Oral Themed Presentation
Discussant: Cailyn Rood
Extracorporeal membrane oxygenation (ECMO) is a complex, high-risk therapy used to support children with life-threatening cardiac or respiratory failure that is refractory to conventional therapy. Placement on ECMO (cannulation) often occurs under significant time pressure in an unstable patient or even during cardiopulmonary resuscitation, known as ECPR. ECMO teams are unique multi-disciplinary teams in that they are made up of three micro-teams—the Intensive Care Unit (ICU) resuscitation team, the surgical team, and the perfusionist team—that perform separate but highly-related tasks. While the ICU team performs CPR and resuscitation, the surgical team prepares the surgical field and cannulates to ECMO, and the perfusionist team prepares the ECMO circuit. Each of these teams’ tasks is critical, and fully dependent upon the others. We theorize that members of an individual micro-team often use the same language codification, and therefore have fewer errors in communication. However, communication across the three teams is imperative given the interdependent nature of their tasks. Inadequate communication may delay critical interventions.
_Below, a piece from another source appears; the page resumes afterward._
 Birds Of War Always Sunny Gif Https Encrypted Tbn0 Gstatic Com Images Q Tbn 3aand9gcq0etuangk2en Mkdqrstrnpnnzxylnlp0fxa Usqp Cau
Research Question/Proposed Approach:
Our overarching goal is to study communication patterns during ECPR events and ECMO emergencies. We hypothesize that: 1) certain communication strategies, such as the use of directed communication, are more likely to lead to “closed-loop” communication and a clinical intervention as requested; and 2) miscommunication/indirect communication among ECMO micro-teams will lead to adverse patient safety outcomes. We currently do not have the ability to video record emergencies live, but simulated ECPR events involving the full native team provide an opportunity to study these communication patterns and look for correlation with performance of key clinical interventions. We will review archived videos of simulation events to code all communications. The coding structure will include elements such as: 1) if communication is directed to a specific individual; 2) the role of the speaker; 3) if there is verbal acknowledgement of the statement/command; and 4) if there is an action in response to the communication.
Conundrum/ Difficulty Encountered:
Pauses in CPR are often required during ECPR events to facilitate ECMO cannulation, but prolonged pauses reduce the chances of recovery or positive neurologic outcome. Surgeons typically ask for CPR to be held, but may not request resumption of compressions, requiring prompts by other team members. Thus, duration of CPR pauses may be one clinical performance metric that is impacted by how communication occurs. We are challenged to identify other concrete clinical performance metrics.
Questions for discussion:
1) What additional performance metrics can be evaluated for correlation with communication patterns?
2) How can data be used to identify areas for improvement that can be integrated into future simulation curricula?